Where the listing below has a line with "Group of diverse friends hugging indoors", write out exactly that line and every line after it, stopping after the line with "Mossy rocks garden".

GIVEN DATA →

::::::::

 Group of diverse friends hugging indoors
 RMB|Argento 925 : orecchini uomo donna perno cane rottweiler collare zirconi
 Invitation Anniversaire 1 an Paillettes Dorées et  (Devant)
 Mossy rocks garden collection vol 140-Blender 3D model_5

::::::::

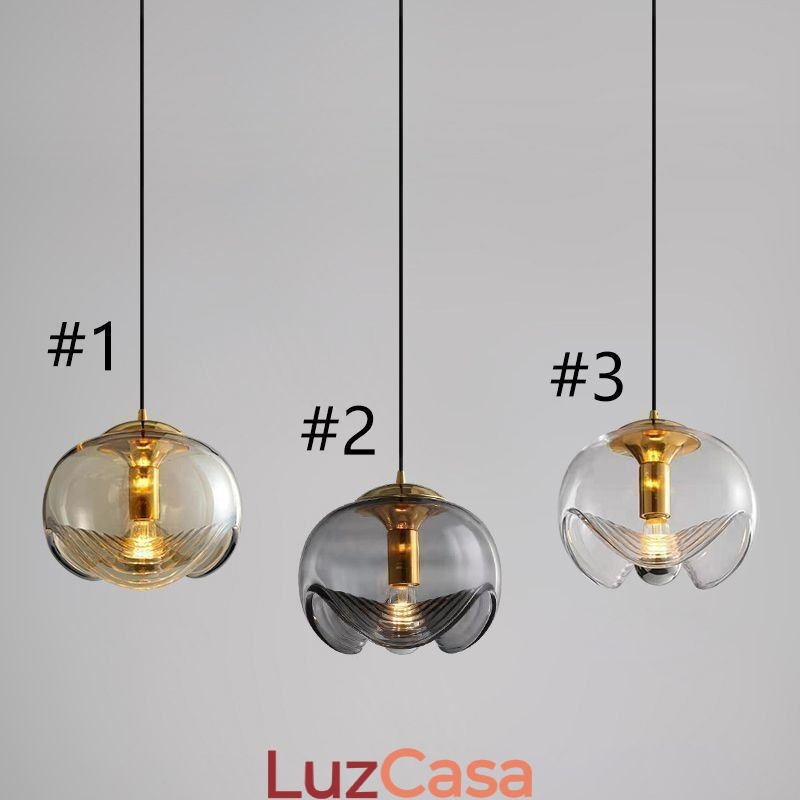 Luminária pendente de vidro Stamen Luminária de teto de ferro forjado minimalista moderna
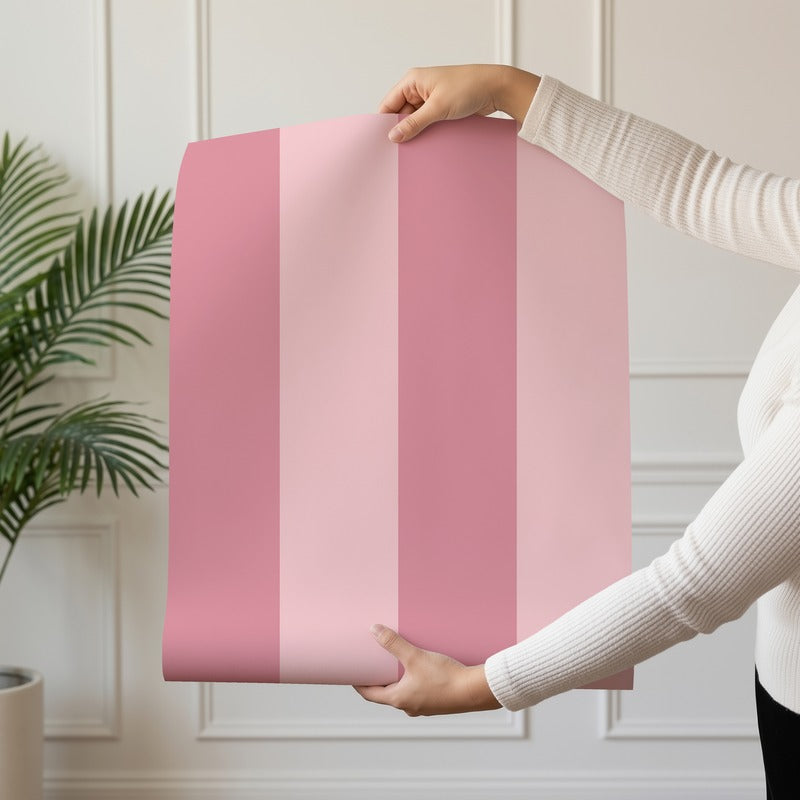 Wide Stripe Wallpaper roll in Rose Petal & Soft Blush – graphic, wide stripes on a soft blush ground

::::::::

WRITTEN ANSWER →
 Group of diverse friends hugging indoors
 RMB|Argento 925 : orecchini uomo donna perno cane rottweiler collare zirconi
 Invitation Anniversaire 1 an Paillettes Dorées et  (Devant)
 Mossy rocks garden collection vol 140-Blender 3D model_5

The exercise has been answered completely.